Records from a data source
Start of Block

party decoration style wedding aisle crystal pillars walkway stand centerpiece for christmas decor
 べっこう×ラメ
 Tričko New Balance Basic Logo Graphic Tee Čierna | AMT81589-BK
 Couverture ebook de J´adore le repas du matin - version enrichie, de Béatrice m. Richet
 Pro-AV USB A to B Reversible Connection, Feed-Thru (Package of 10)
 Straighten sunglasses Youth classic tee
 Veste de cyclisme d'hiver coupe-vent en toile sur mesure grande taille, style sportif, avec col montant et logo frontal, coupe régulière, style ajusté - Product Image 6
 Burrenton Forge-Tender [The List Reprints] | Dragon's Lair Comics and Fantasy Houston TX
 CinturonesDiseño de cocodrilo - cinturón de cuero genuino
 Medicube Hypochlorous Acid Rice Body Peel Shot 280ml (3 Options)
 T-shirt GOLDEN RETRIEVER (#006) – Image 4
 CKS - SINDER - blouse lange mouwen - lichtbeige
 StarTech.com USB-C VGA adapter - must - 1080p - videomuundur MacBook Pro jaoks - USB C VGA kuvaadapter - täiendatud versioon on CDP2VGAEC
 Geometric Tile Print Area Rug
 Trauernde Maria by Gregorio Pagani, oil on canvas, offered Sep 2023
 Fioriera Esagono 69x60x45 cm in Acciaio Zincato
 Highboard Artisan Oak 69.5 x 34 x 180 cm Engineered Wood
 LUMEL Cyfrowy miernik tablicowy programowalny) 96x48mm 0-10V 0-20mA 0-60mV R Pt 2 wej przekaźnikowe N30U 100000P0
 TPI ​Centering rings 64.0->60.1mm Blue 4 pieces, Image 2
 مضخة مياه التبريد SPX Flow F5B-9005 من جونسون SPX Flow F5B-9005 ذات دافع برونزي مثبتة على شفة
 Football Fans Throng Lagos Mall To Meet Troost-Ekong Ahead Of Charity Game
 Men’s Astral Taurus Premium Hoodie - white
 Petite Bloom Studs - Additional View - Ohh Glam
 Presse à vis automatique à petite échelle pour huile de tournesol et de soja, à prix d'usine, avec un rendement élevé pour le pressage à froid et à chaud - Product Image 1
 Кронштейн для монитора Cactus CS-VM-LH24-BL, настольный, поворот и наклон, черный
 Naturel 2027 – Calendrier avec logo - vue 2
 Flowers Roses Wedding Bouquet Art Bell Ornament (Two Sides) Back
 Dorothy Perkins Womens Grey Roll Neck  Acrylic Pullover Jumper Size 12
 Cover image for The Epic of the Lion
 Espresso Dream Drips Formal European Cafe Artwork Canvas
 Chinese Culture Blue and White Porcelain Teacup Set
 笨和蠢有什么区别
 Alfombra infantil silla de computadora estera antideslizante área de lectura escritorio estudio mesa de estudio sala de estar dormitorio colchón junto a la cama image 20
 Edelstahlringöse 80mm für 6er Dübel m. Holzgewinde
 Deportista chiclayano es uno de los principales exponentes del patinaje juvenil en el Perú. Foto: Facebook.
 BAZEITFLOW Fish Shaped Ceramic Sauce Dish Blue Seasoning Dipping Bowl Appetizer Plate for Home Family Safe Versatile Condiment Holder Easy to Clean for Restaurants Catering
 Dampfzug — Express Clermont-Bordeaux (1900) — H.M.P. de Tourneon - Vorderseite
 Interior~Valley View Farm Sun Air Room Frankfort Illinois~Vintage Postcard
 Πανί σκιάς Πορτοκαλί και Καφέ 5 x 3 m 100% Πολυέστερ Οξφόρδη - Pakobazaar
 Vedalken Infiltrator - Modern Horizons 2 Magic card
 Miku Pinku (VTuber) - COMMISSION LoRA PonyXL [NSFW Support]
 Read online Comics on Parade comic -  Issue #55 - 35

End of Block

» **Task instructions**: All the entries are to be set down exactly as they appear.

» **Exercise output**:
party decoration style wedding aisle crystal pillars walkway stand centerpiece for christmas decor
 べっこう×ラメ
 Tričko New Balance Basic Logo Graphic Tee Čierna | AMT81589-BK
 Couverture ebook de J´adore le repas du matin - version enrichie, de Béatrice m. Richet
 Pro-AV USB A to B Reversible Connection, Feed-Thru (Package of 10)
 Straighten sunglasses Youth classic tee
 Veste de cyclisme d'hiver coupe-vent en toile sur mesure grande taille, style sportif, avec col montant et logo frontal, coupe régulière, style ajusté - Product Image 6
 Burrenton Forge-Tender [The List Reprints] | Dragon's Lair Comics and Fantasy Houston TX
 CinturonesDiseño de cocodrilo - cinturón de cuero genuino
 Medicube Hypochlorous Acid Rice Body Peel Shot 280ml (3 Options)
 T-shirt GOLDEN RETRIEVER (#006) – Image 4
 CKS - SINDER - blouse lange mouwen - lichtbeige
 StarTech.com USB-C VGA adapter - must - 1080p - videomuundur MacBook Pro jaoks - USB C VGA kuvaadapter - täiendatud versioon on CDP2VGAEC
 Geometric Tile Print Area Rug
 Trauernde Maria by Gregorio Pagani, oil on canvas, offered Sep 2023
 Fioriera Esagono 69x60x45 cm in Acciaio Zincato
 Highboard Artisan Oak 69.5 x 34 x 180 cm Engineered Wood
 LUMEL Cyfrowy miernik tablicowy programowalny) 96x48mm 0-10V 0-20mA 0-60mV R Pt 2 wej przekaźnikowe N30U 100000P0
 TPI ​Centering rings 64.0->60.1mm Blue 4 pieces, Image 2
 مضخة مياه التبريد SPX Flow F5B-9005 من جونسون SPX Flow F5B-9005 ذات دافع برونزي مثبتة على شفة
 Football Fans Throng Lagos Mall To Meet Troost-Ekong Ahead Of Charity Game
 Men’s Astral Taurus Premium Hoodie - white
 Petite Bloom Studs - Additional View - Ohh Glam
 Presse à vis automatique à petite échelle pour huile de tournesol et de soja, à prix d'usine, avec un rendement élevé pour le pressage à froid et à chaud - Product Image 1
 Кронштейн для монитора Cactus CS-VM-LH24-BL, настольный, поворот и наклон, черный
 Naturel 2027 – Calendrier avec logo - vue 2
 Flowers Roses Wedding Bouquet Art Bell Ornament (Two Sides) Back
 Dorothy Perkins Womens Grey Roll Neck  Acrylic Pullover Jumper Size 12
 Cover image for The Epic of the Lion
 Espresso Dream Drips Formal European Cafe Artwork Canvas
 Chinese Culture Blue and White Porcelain Teacup Set
 笨和蠢有什么区别
 Alfombra infantil silla de computadora estera antideslizante área de lectura escritorio estudio mesa de estudio sala de estar dormitorio colchón junto a la cama image 20
 Edelstahlringöse 80mm für 6er Dübel m. Holzgewinde
 Deportista chiclayano es uno de los principales exponentes del patinaje juvenil en el Perú. Foto: Facebook.
 BAZEITFLOW Fish Shaped Ceramic Sauce Dish Blue Seasoning Dipping Bowl Appetizer Plate for Home Family Safe Versatile Condiment Holder Easy to Clean for Restaurants Catering
 Dampfzug — Express Clermont-Bordeaux (1900) — H.M.P. de Tourneon - Vorderseite
 Interior~Valley View Farm Sun Air Room Frankfort Illinois~Vintage Postcard
 Πανί σκιάς Πορτοκαλί και Καφέ 5 x 3 m 100% Πολυέστερ Οξφόρδη - Pakobazaar
 Vedalken Infiltrator - Modern Horizons 2 Magic card
 Miku Pinku (VTuber) - COMMISSION LoRA PonyXL [NSFW Support]
 Read online Comics on Parade comic -  Issue #55 - 35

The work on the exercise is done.